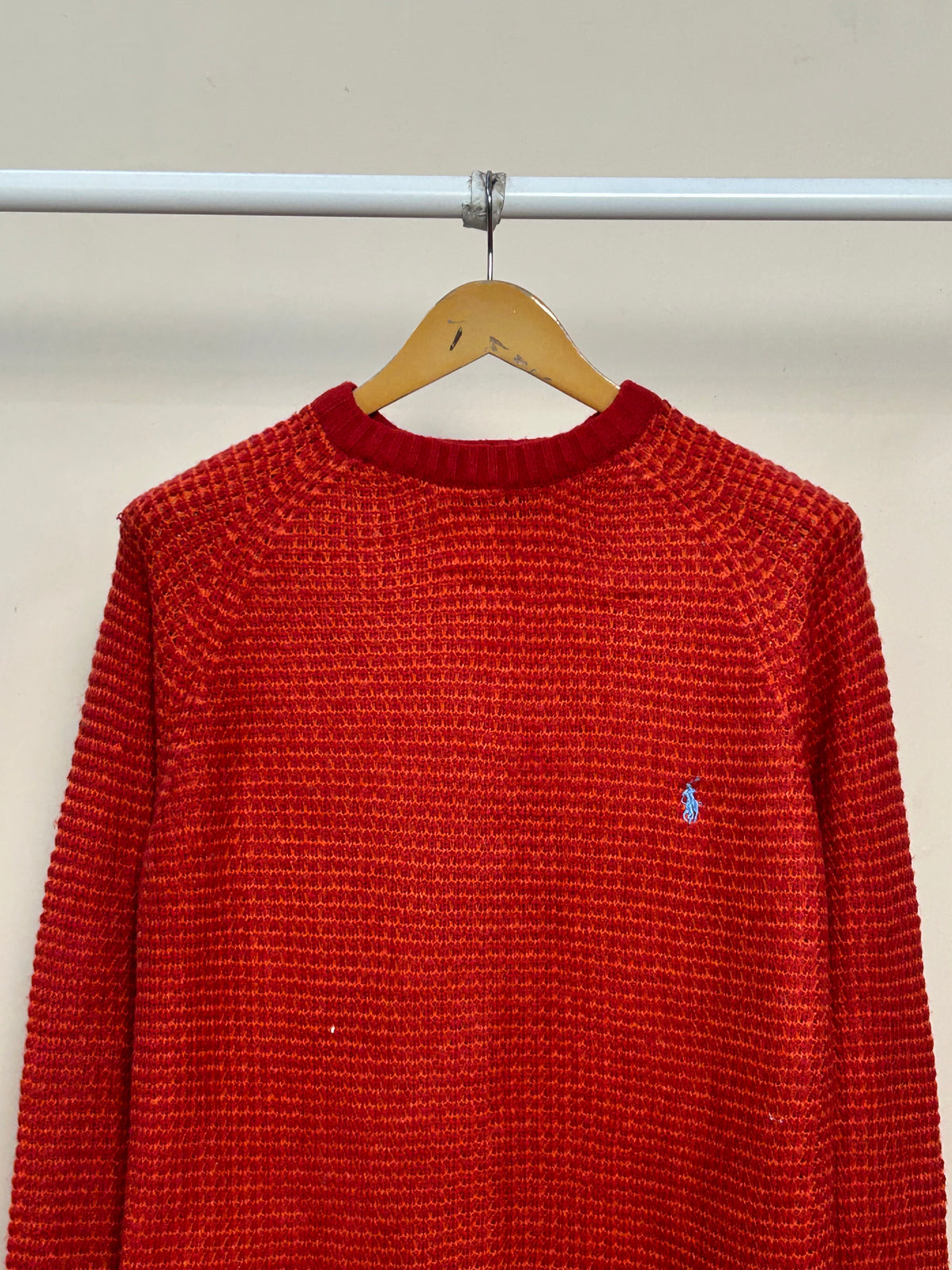 POLO RL SWEATSHIRT (M)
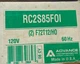 Advance F-Can Ballast RC2S85F0I Brand New in Box 120V 60Hz (2) F72T12/H0🔔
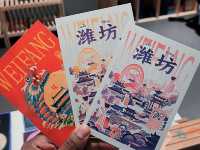Soaring Through History: A Colorful Journey at the Weifang Kite Museum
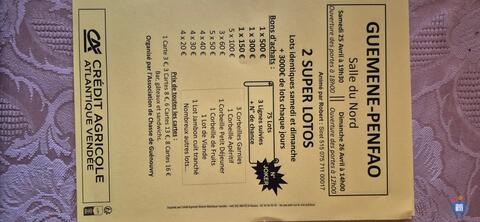 Image du loto 2 super lotos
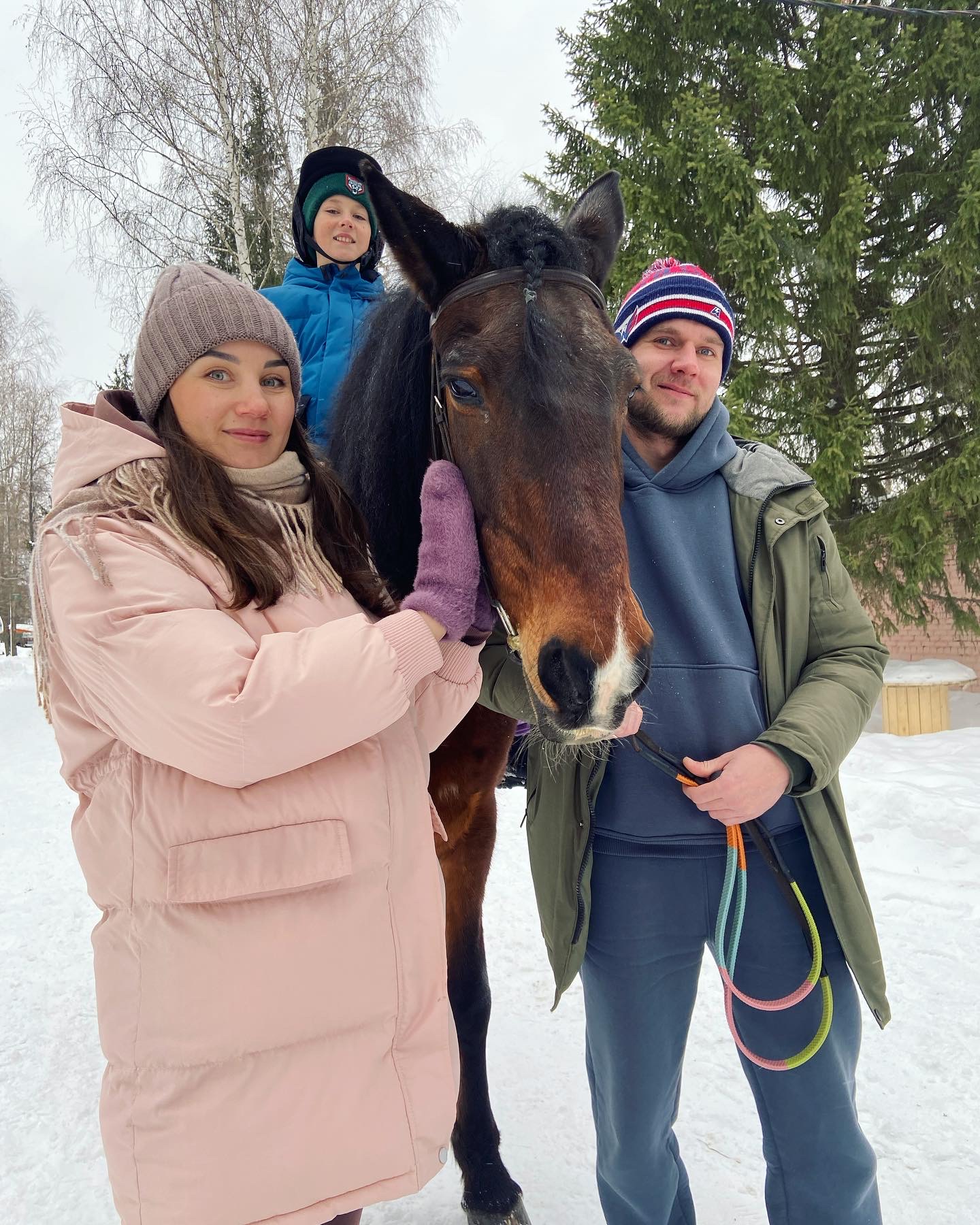 Фото Лес и Река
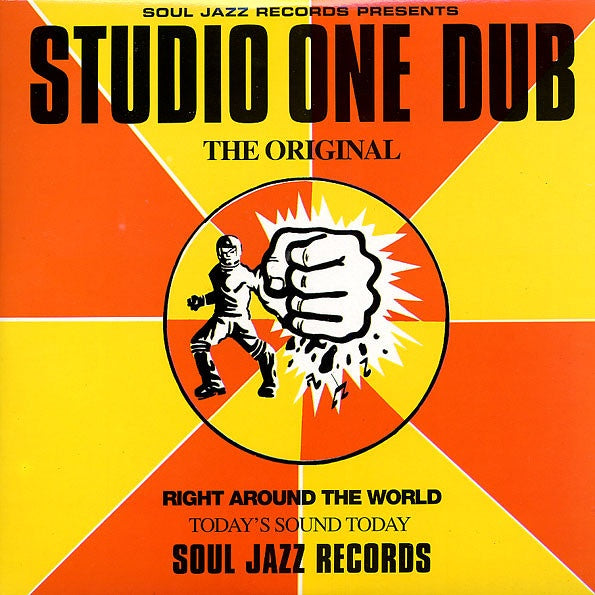 Studio One Dub (New 2LP)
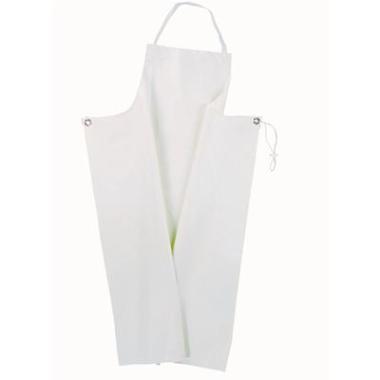 Sioen 8042 bratislava schort wit 90x120cm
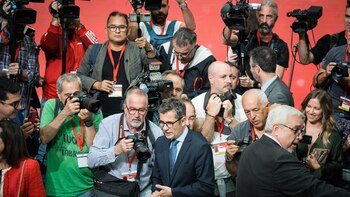 Ayuso veta a Bolaños en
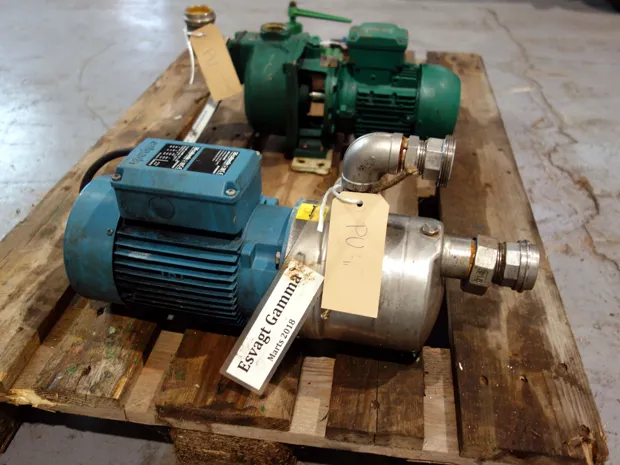 Image 2 of 3 - Calpeda - MXH 403-60/B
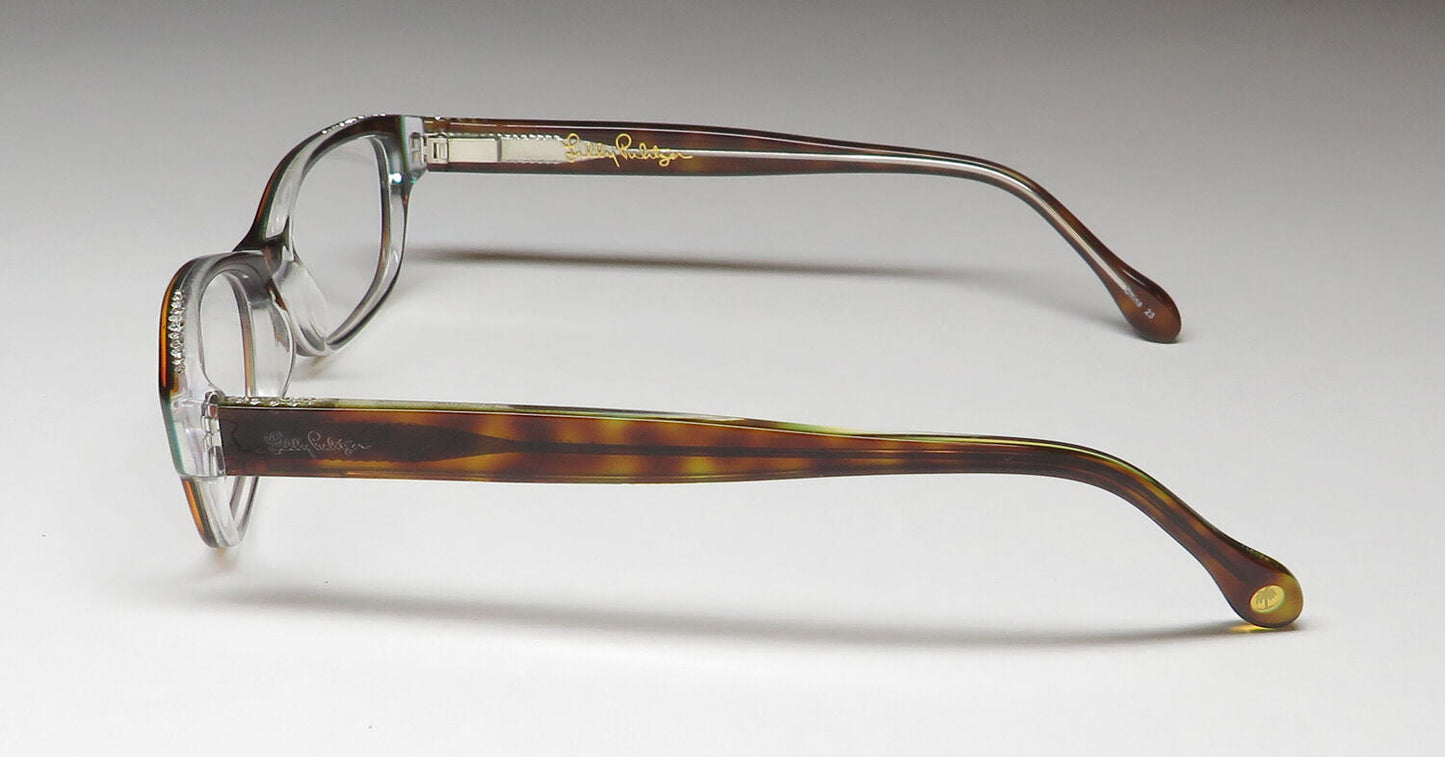 Lilly Pulitzer Clarita Eyeglasses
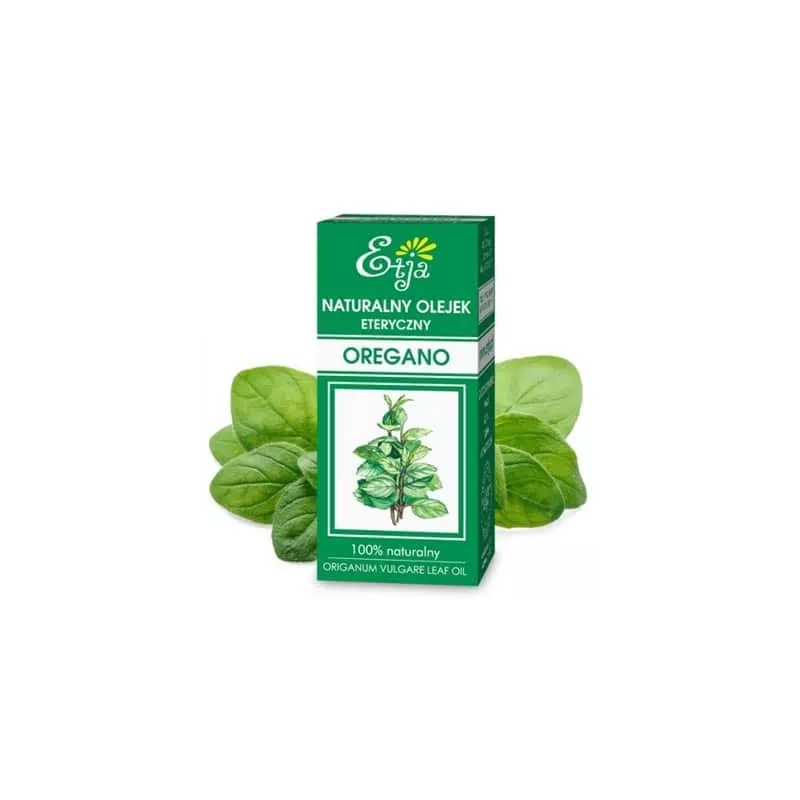 ETJA OLEJEK OREGANO 10ML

++++++

▶ Task objective
Print again, word for word, every line from the line with "Studio One Dub (New 2LP)" to the final line of the records, inclusive; skip the pictures.

▶ Task result
 Studio One Dub (New 2LP)
 Sioen 8042 bratislava schort wit 90x120cm
 Ayuso veta a Bolaños en
 Image 2 of 3 - Calpeda - MXH 403-60/B
 Lilly Pulitzer Clarita Eyeglasses
 ETJA OLEJEK OREGANO 10ML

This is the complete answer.